Galen didn’t deny it.
“Daisy—she sacrificed herself to kill all the Sov,” Beacon said, his throat tight. “To save our planet.”
“Is this true?” Arthur’s grandma asked Galen.
“No, it can’t be.” Everleigh whipped her head from side to side. “Galen, tell Beacon he’s wrong.”
“I’m sorry,” Galen said.
Tears streamed down Everleigh’s cheeks. She furiously paced the room.
“This isn’t okay, Galen!” she shouted. “We didn’t agree to this!”
“It wasn’t up to you,” he said.
“Okay, we need to calm down,” Beacon said. “It isn’t too late. If you’re still alive, that means Daisy is, too, right? There has to be another way.”
“There isn’t,” Galen said.
“We’ll think of something,” Everleigh said. “Nixon’s a Junior Guard, he knows this place, these people. Maybe he can—”
A voice came through on the radio. Everleigh yelped and almost dropped it before she realized what was happening and clutched it desperately to her lips.
“Hello? Daisy, are you there?” she asked.
Static crackled, before Daisy’s voice broke through. “I’m here.”
Everleigh released a huge breath. “Oh, thank God. Listen, whatever you and your idiot friend were planning, you can forget about it. We’re coming up with Plan B.”
“It’s too late.” Daisy’s voice was so soft it was almost inaudible against the hum of machinery in the room, but it had an air of finality that shut Everleigh up. “Is Galen there?” she asked.
Everleigh swallowed. She nodded, then seemed to realize Daisy wouldn’t be able to see her and sniffled hard. “Yes. He’s here.”
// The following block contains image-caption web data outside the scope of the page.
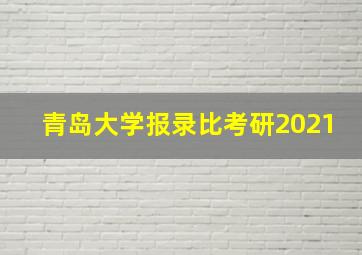 青岛大学报录比考研2021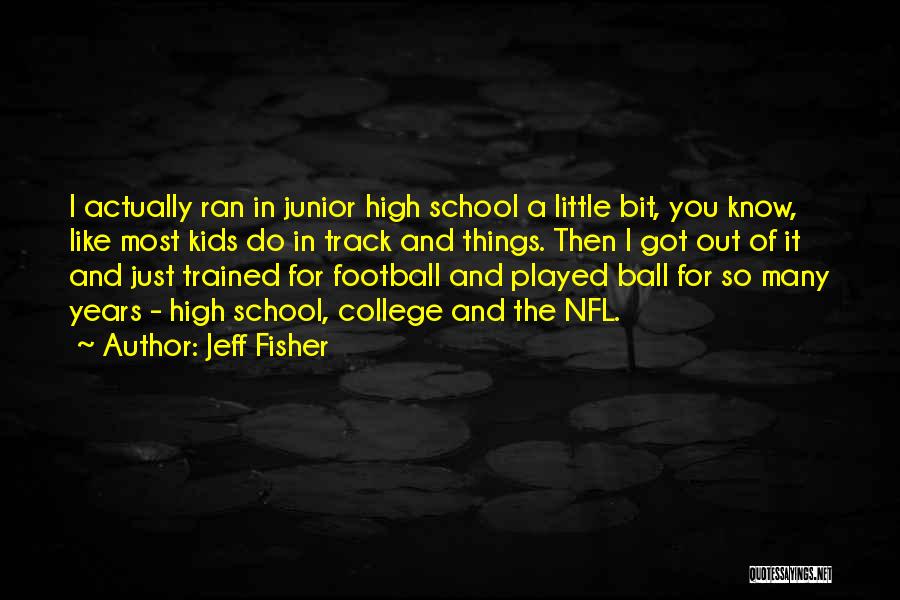High School Football Quotes By Jeff Fisher High School Football Quotes By Jeff Fisher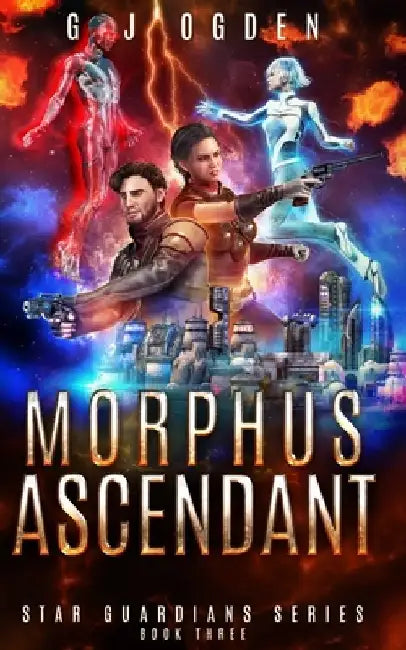 Morphus Ascendant: A Space Opera Adventure by S. L. Ogden
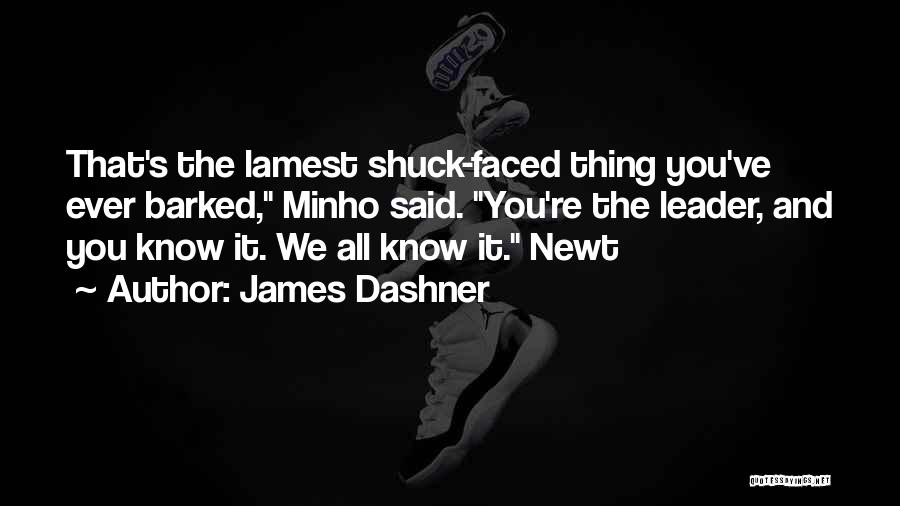 James Dashner Quotes: That's The Lamest Shuck-faced Thing You've Ever Barked, Minho Said. You're The Leader, And You Know It. We All Know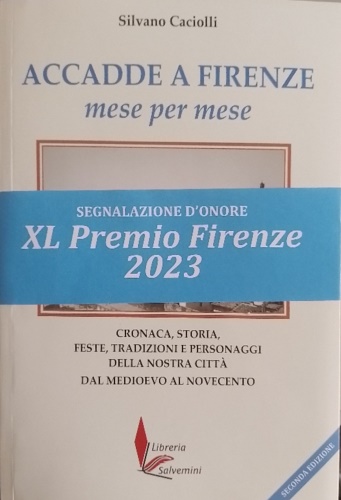 Accadde a Firenze mese per mese. Cronaca, storia, feste, tradizioni …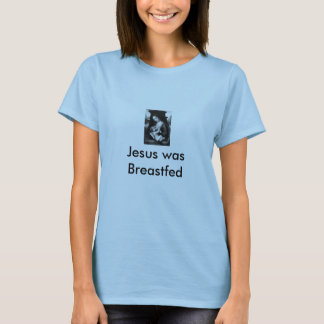 Jesus var Breastfed damer Tee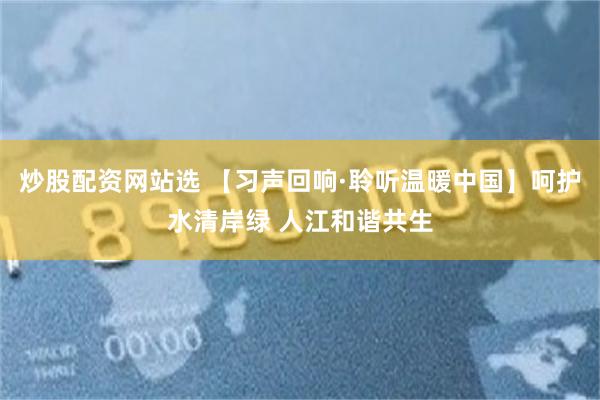 炒股配资网站选 【习声回响·聆听温暖中国】呵护水清岸绿 人江和谐共生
“Can I talk to him, please?”
Everleigh brought the radio to Galen.
Galen licked his lips and took a deep breath. “Hey, Dais.”
“Hey, Gales,” Daisy said. “Our plan worked.”
“You did good. I’m proud of you.”
“Are you in pain?” Daisy asked after a moment.
“I’m okay,” he said.
“You’re a bad liar,” Daisy replied. After a beat, she added, “I’m sorry it had to be this way.”
“Don’t be sorry for being a hero,” Galen said.
Quiet descended, as if neither of them knew what to say.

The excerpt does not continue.